March 6, 2010


Filed under: CHEMISTRY REVIEW NOTES — Tarebi @ 10:52 pm
  1. Postulates
    • Particles of matter are in a constant state of motion
    • These particles posses kinetic energy because of the constant motion
    • The temperature of a body/substance depend on the kinetic energy of its particles
    • Particles in solids, liquids and gases have different degree of motion
  1. Particles in solid state
    • Closely and firmly packed and held together by strong forces of cohesion
    • Only vibrate and rotate
    • Have definite shape, volume
    • Difficult to compress
  2. Particles in liquid state
    • Not closely packed as in solid state due to weaker forces of attraction
    • Can vibrate, rotate and translocate (i.e move from one place to another)
    • Fixed volume but no definite shape( assumes the shape of their container)
    • Difficult to compress
  3. Particles in gaseous state
    1. Have very high kinetic energy (i.e free to move about)
    2. Cohesive forces are negligible
    3. Have no definite shape ( occupy the shape of their container)
    4. Easily compressed
  1. Change in temperature
    • Main factor for change in the state
    • Particles gain more kinectic energy when heat is applied
    • The following processes can be explained by the kinetic theory of matter
    • Melting
    • Boiling
    • Freezing
    • Evaporation
  2. Melting
    • When heat is applied to a solid, its particles gain more kinetic energy and thus vibrate and rotate  more violently
    • A point is reached when the forces of vibration overcome the forces of cohesion
    • At this point or temperature (called the melting point) the crytalline structure of the solid suddenly breaks down
    • At the melting point a solid changes either into a liquid ( liquification) or gas(sublimation)

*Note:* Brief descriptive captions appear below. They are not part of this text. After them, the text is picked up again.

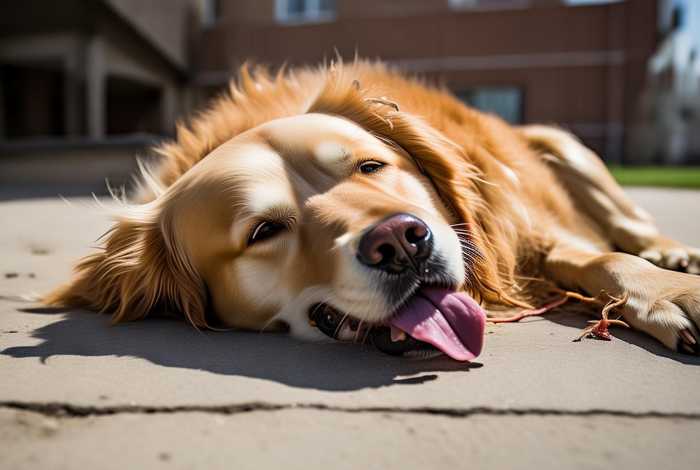 高温死亡的狗的过程、高温死亡的狗的过程视频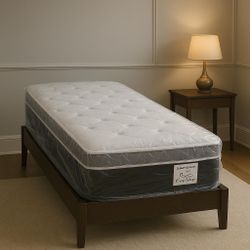 Twin Size Mattress Pillow Top 14” Inches  Excellent Comfort Also Available: Full, Queen And King New From Factory With Its Plastic Same Day Delivery 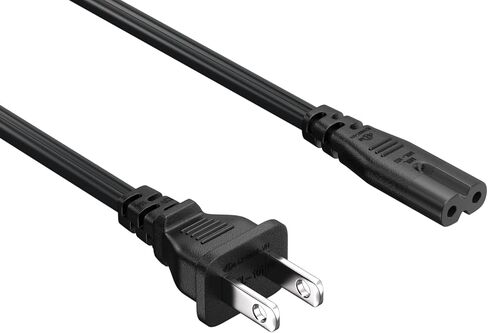 Cable Leader 15ft 18 AWG NEMA 1-15P to Non-Polarized IEC320 C7 Power Cord, Replacement Cord for Notebook, PS5, PS4, Xbox, Printers & TVs, Black (2 Pack) in Saudi Arabia
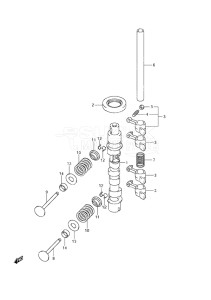 Outboard DF 20A drawing Camshaft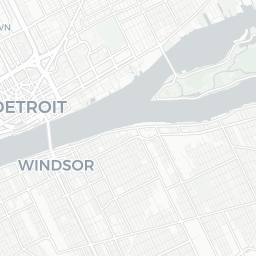 Bản đồ sân pickleball tại Detroit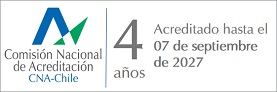 Acreditado por CNA-Chile por 4 años hasta septiembre de 2027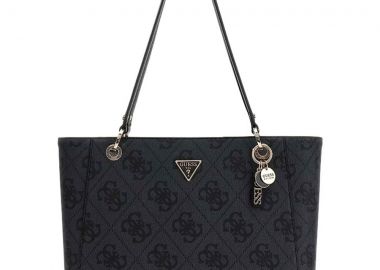 Guess μαύρη τσάντα ώμου NOELLE SO9672250 - Guess - 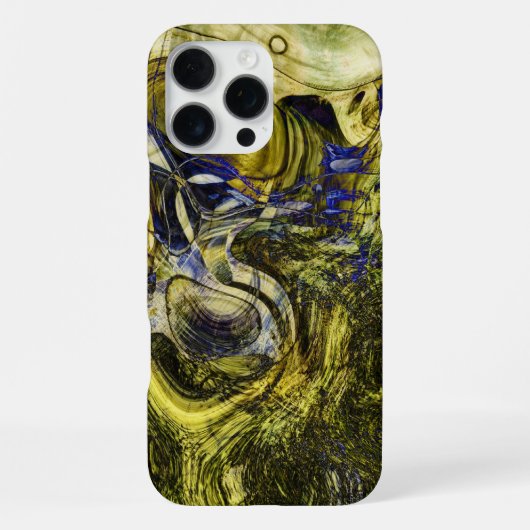 Coque iPhone 16 Pro Max Art Abstrait Vert Olive Avignon (Verso)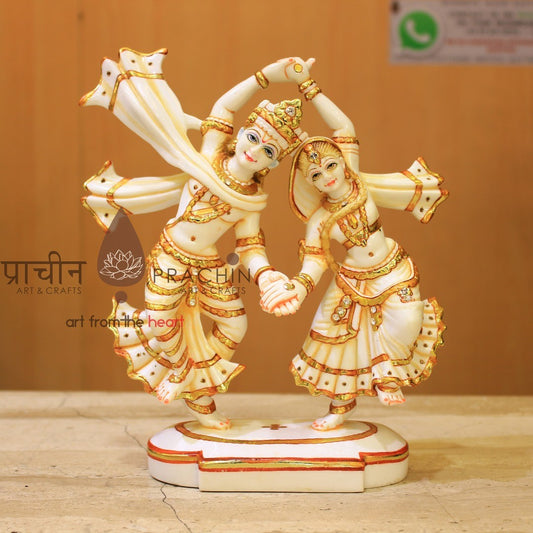 Marble Radha Krishna Dancing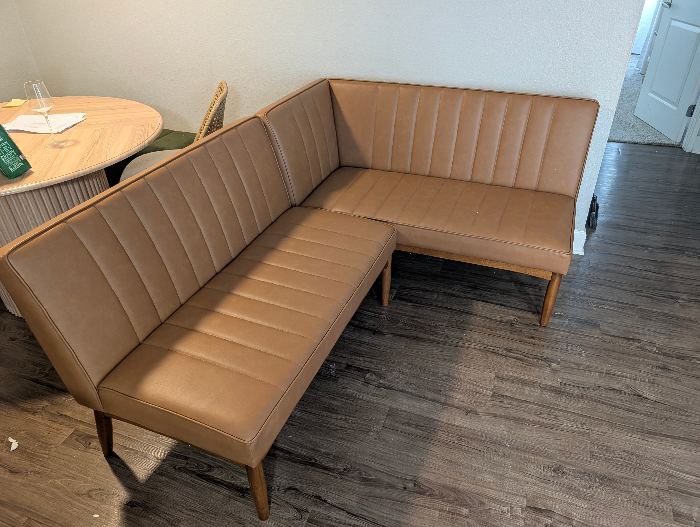 Upholstered Corner Dining Bench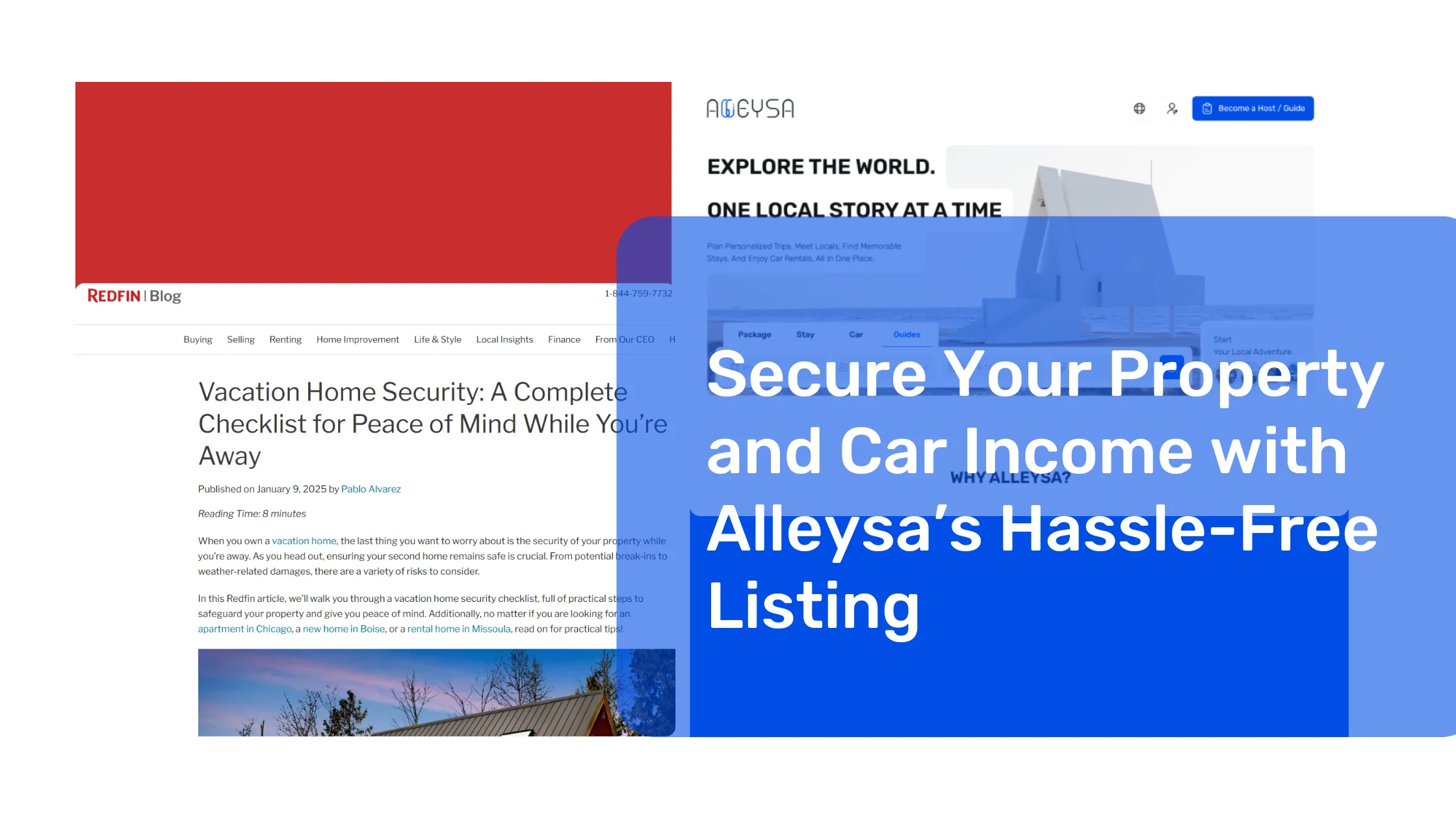 Secure Your Property and Car Income with Alleysa’s Hassle-Free Listing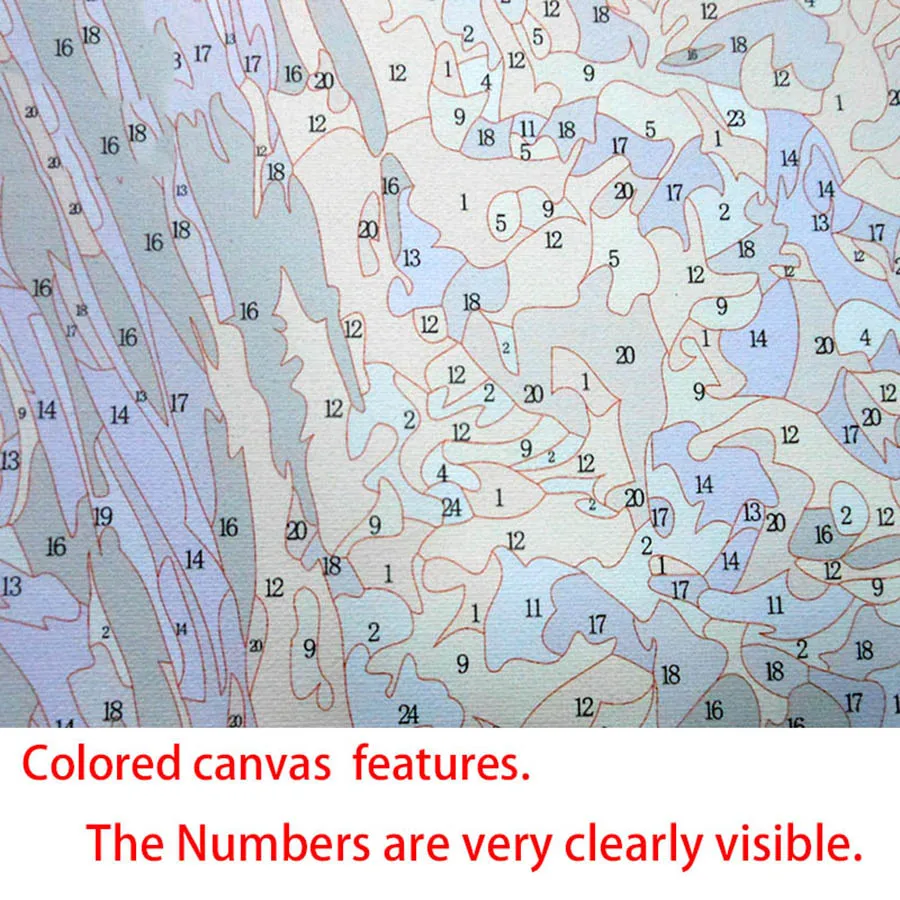 Картины масляной живописи по номерам с комплектами и рамкой для diy на холсте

    • Note that the presence of an impurity decreases the melting point of the solid
  3. Evaporation
    • At a given temperature, some of the particles in a liquid have more kinetic energy than the others
    • These particles escape from the liquid into the air when  they get to the surface of the liquid
    • This process is called evaporation
    • If evaporation occurs in a closed container, the evaporated particles accumulate above the liquid and exact a pressure called vapour pressure. Some of the vapour particles collide with the liquid surface, loose their kinetic energy and re-enter the liquid. This is called condensation.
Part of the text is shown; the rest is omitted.